Aim of the exercise.
Using the data below, print exactly the line with "Orange Mantis Shrimp in its burrow, Papua New Guinea Orange", the line with "Green Finance Green Finance", and every line between them, but none of the pictures.

(Exercise material Opens)

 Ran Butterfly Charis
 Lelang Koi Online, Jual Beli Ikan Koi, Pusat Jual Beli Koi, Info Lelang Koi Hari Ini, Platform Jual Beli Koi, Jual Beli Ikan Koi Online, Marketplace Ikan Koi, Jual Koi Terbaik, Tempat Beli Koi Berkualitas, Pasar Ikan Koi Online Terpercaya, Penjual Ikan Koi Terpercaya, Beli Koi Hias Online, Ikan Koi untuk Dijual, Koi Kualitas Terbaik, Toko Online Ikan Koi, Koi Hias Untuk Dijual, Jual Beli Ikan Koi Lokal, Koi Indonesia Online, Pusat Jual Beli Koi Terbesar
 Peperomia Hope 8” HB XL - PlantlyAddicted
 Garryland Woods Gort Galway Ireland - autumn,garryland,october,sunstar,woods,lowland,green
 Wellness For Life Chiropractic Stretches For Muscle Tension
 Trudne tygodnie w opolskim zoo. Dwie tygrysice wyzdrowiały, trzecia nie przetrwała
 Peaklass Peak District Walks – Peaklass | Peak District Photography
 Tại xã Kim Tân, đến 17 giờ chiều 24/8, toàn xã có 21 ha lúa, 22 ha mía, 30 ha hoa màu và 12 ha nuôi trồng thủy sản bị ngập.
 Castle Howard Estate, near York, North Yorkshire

(Exercise material Closes)
(Exercise material Opens)

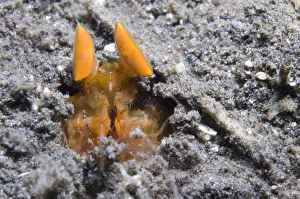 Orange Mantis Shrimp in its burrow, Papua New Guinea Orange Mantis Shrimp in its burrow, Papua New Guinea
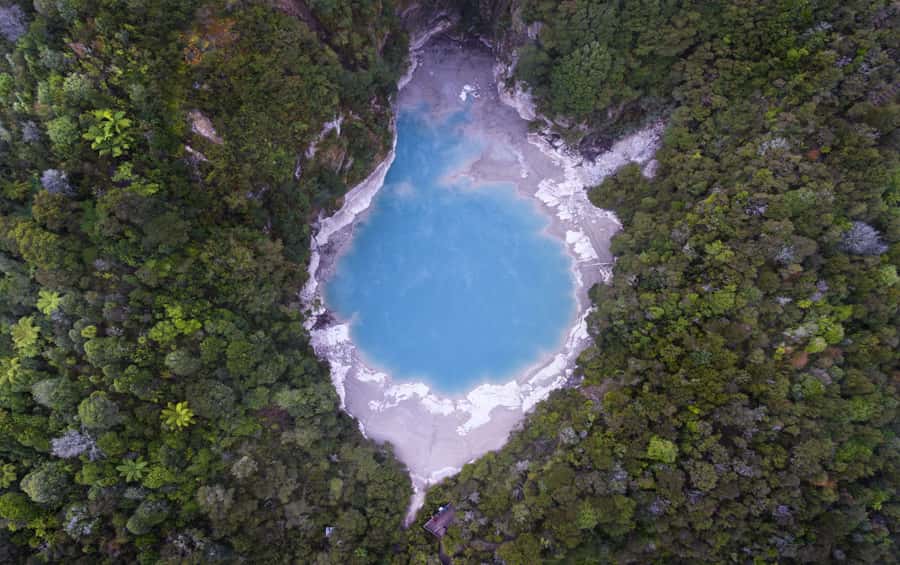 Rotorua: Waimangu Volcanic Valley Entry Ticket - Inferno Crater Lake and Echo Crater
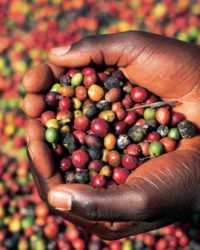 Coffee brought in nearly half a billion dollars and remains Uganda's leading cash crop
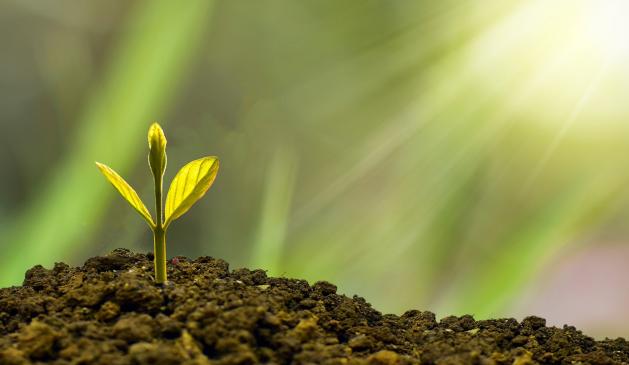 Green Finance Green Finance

(Exercise material Closes)

Output for this task.
 Orange Mantis Shrimp in its burrow, Papua New Guinea Orange Mantis Shrimp in its burrow, Papua New Guinea
 Rotorua: Waimangu Volcanic Valley Entry Ticket - Inferno Crater Lake and Echo Crater
 Coffee brought in nearly half a billion dollars and remains Uganda's leading cash crop
 Green Finance Green Finance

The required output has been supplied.